[Image-text web data]
================

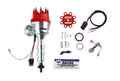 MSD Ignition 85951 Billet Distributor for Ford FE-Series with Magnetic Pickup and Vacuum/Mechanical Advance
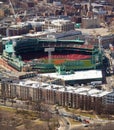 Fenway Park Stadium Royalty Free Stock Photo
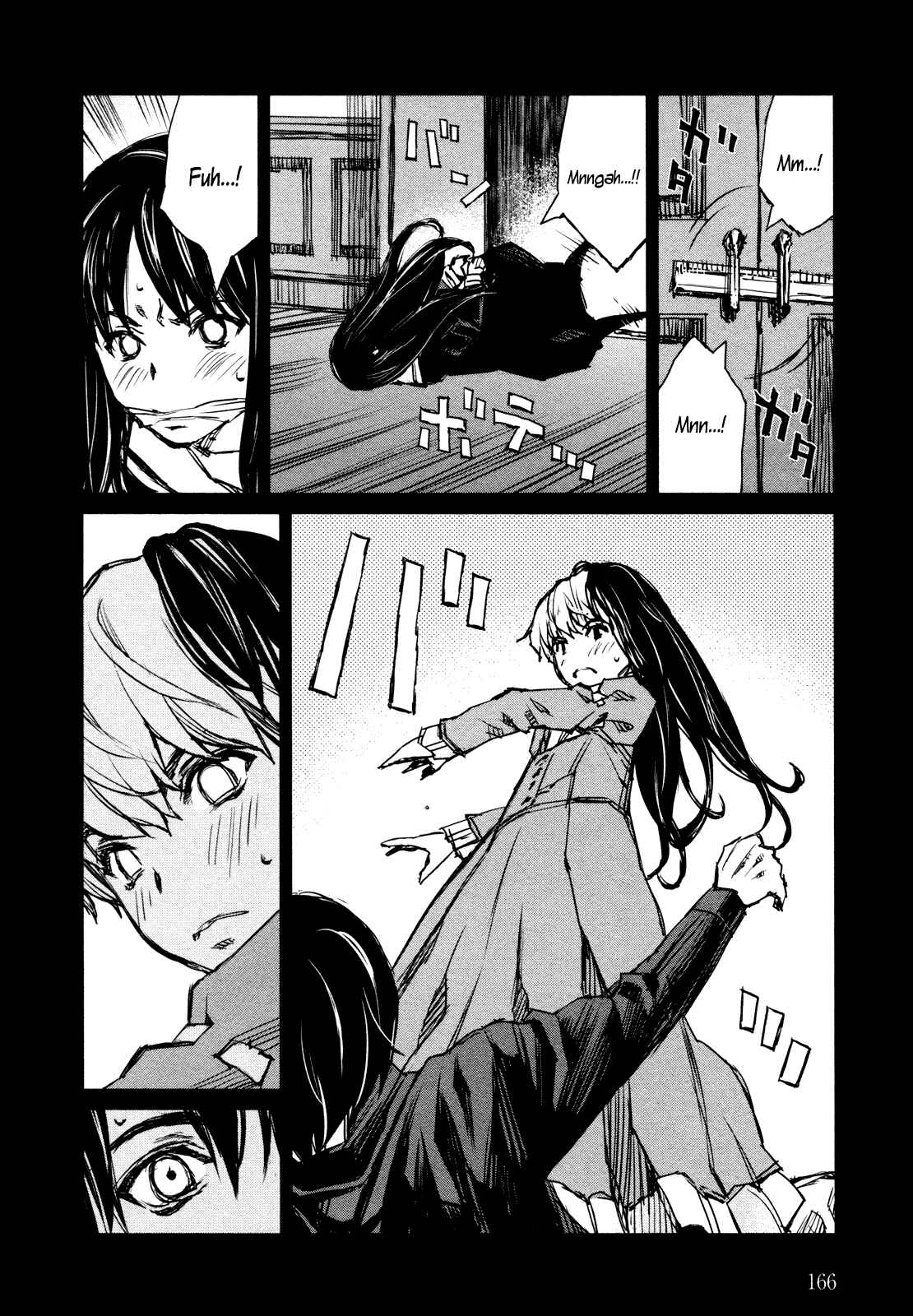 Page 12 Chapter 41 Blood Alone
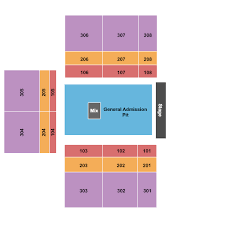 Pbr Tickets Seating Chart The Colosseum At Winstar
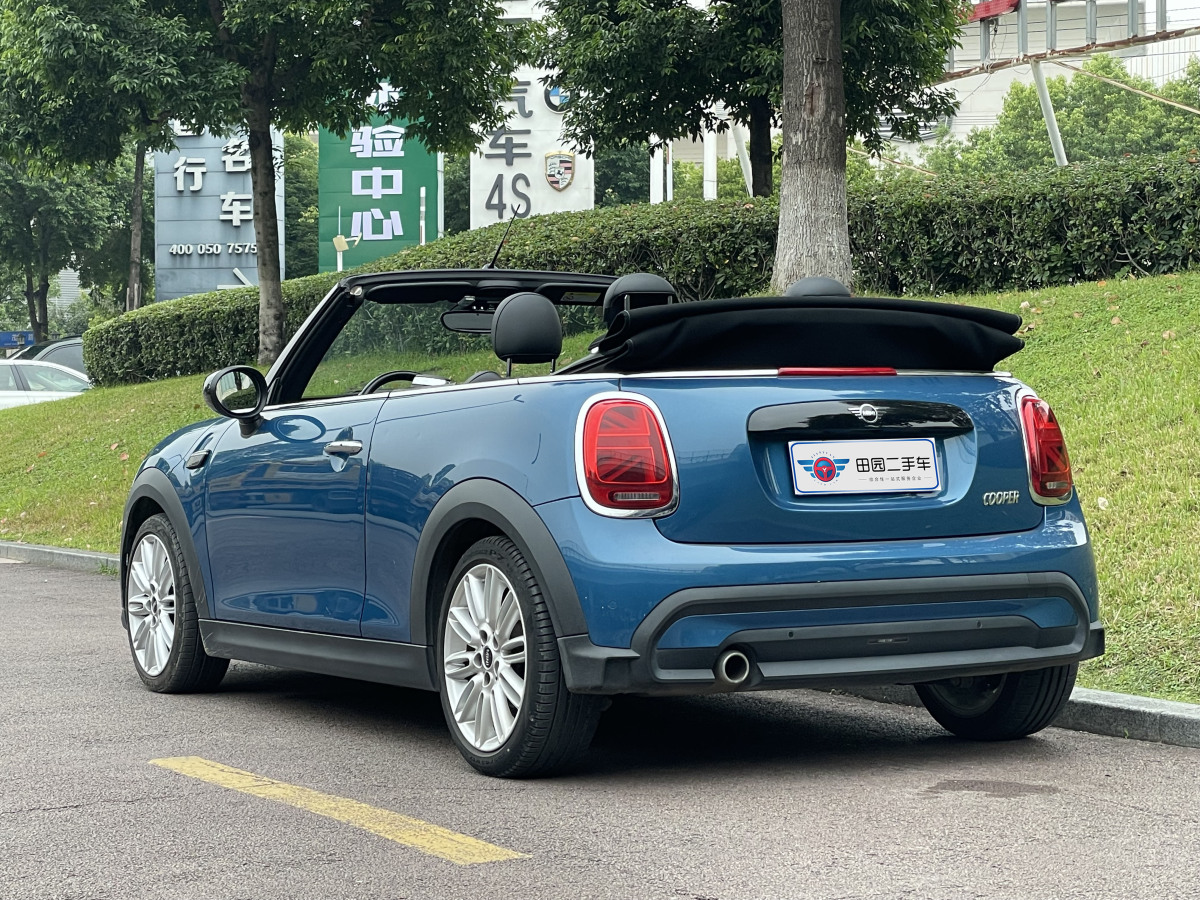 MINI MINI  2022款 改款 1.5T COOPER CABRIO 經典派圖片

================

- **TASK ITEM**
Leaving out the pictures, print every record exactly as written.

- **EXERCISE ANSWER**
 MSD Ignition 85951 Billet Distributor for Ford FE-Series with Magnetic Pickup and Vacuum/Mechanical Advance
 Fenway Park Stadium Royalty Free Stock Photo
 Page 12 Chapter 41 Blood Alone
 Pbr Tickets Seating Chart The Colosseum At Winstar
 MINI MINI  2022款 改款 1.5T COOPER CABRIO 經典派圖片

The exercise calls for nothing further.